▸ **MATERIAL FOR THE TASK**

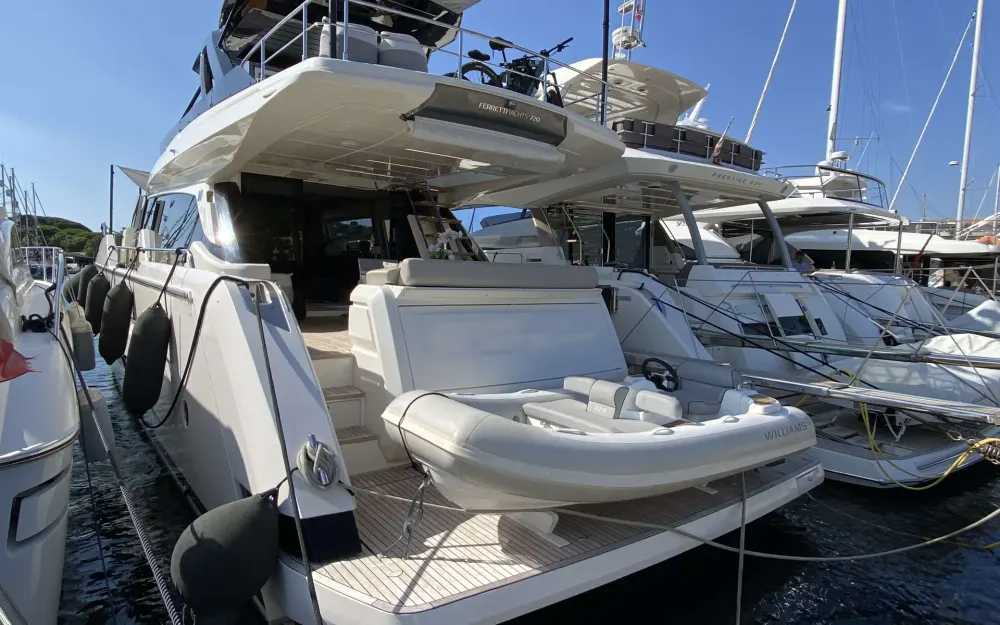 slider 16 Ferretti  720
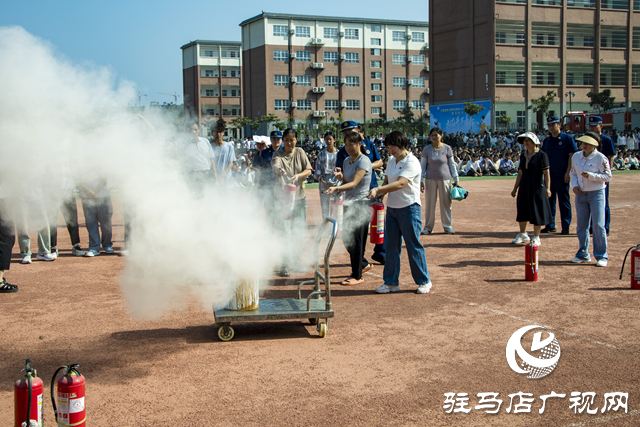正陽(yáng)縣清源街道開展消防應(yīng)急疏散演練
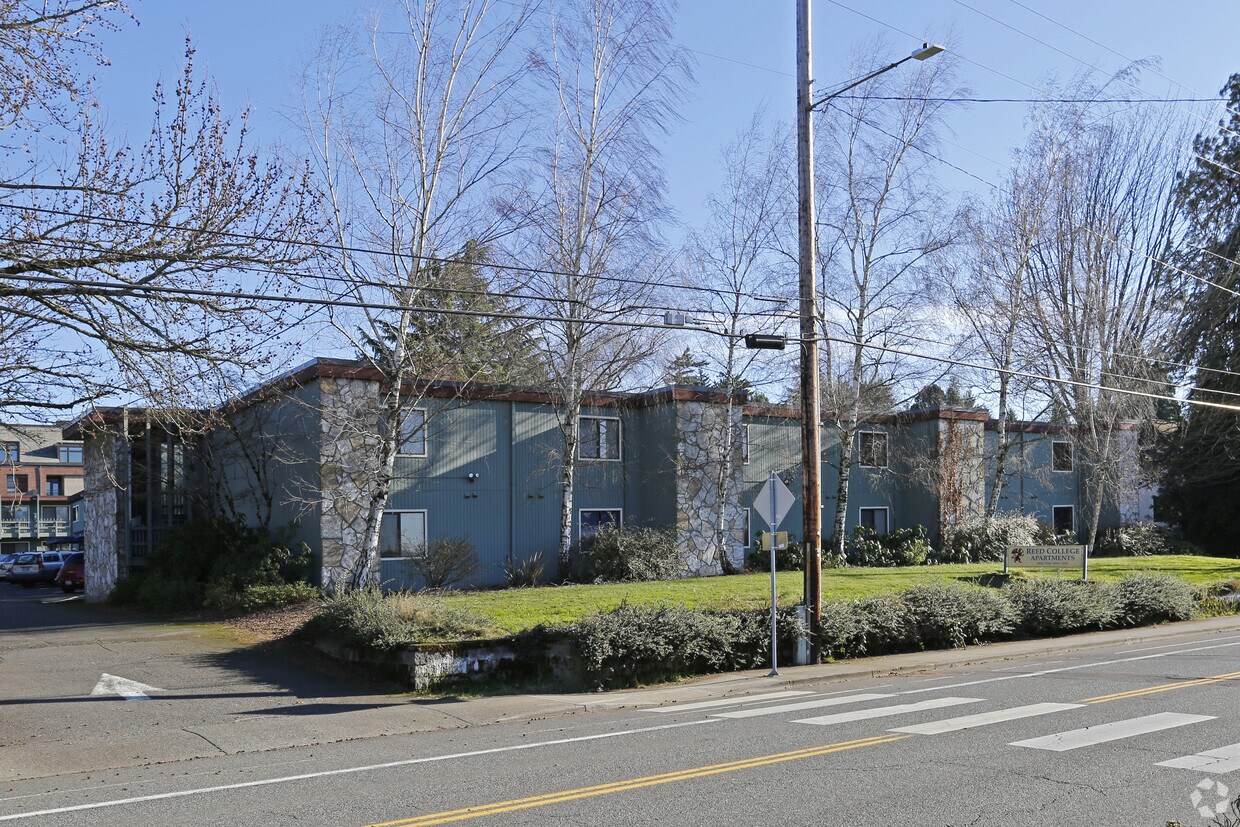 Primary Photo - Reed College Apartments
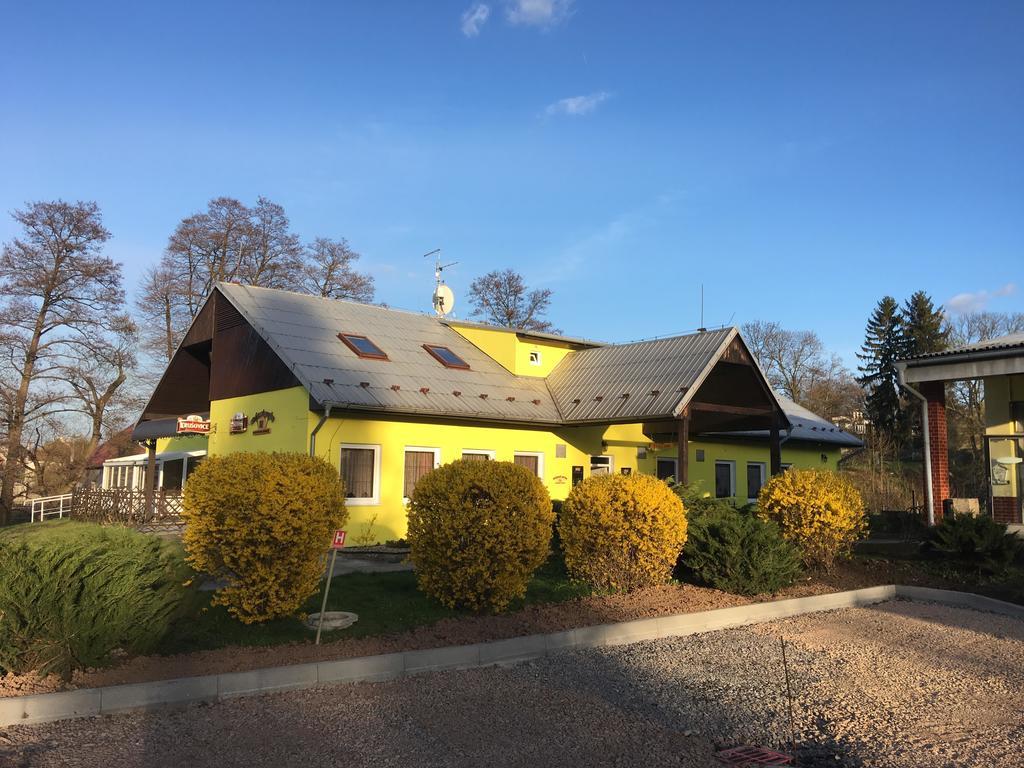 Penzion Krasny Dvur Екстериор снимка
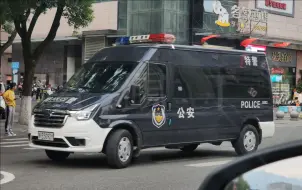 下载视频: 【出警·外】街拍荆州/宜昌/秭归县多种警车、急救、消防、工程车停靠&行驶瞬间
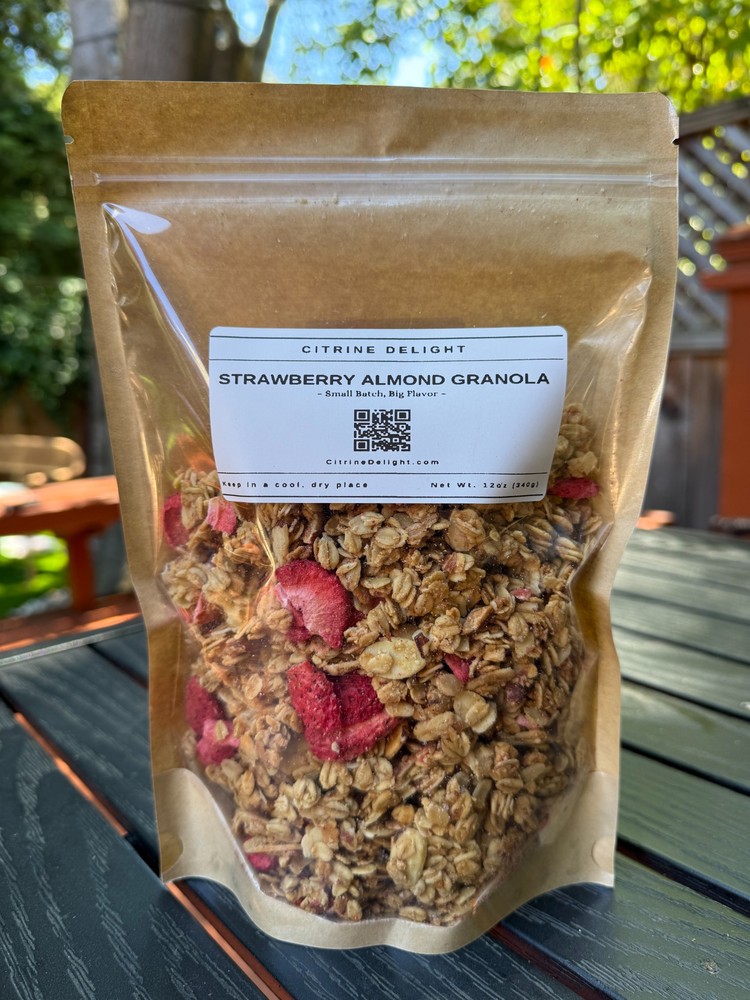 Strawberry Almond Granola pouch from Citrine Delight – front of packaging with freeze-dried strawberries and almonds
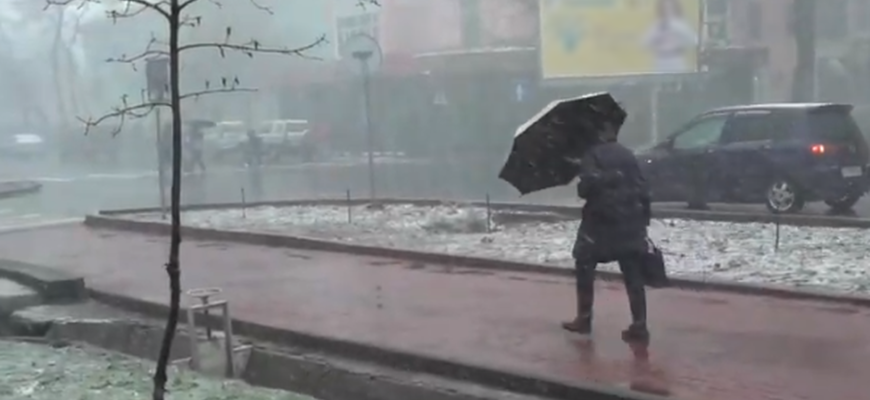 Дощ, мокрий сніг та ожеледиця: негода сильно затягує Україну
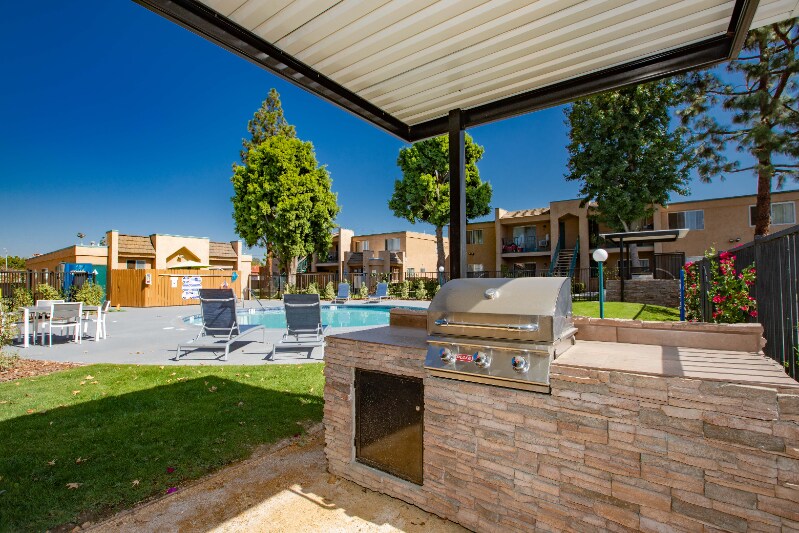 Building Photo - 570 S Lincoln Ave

▸ **THE TASK**
Using the material above, restate word for word the lines from the line that has "Primary Photo - Reed College Apartments" to the last line, inclusive, with pictures omitted.

▸ **WRITTEN ANSWER**
 Primary Photo - Reed College Apartments
 Penzion Krasny Dvur Екстериор снимка
 下载视频: 【出警·外】街拍荆州/宜昌/秭归县多种警车、急救、消防、工程车停靠&行驶瞬间
 Strawberry Almond Granola pouch from Citrine Delight – front of packaging with freeze-dried strawberries and almonds
 Дощ, мокрий сніг та ожеледиця: негода сильно затягує Україну
 Building Photo - 570 S Lincoln Ave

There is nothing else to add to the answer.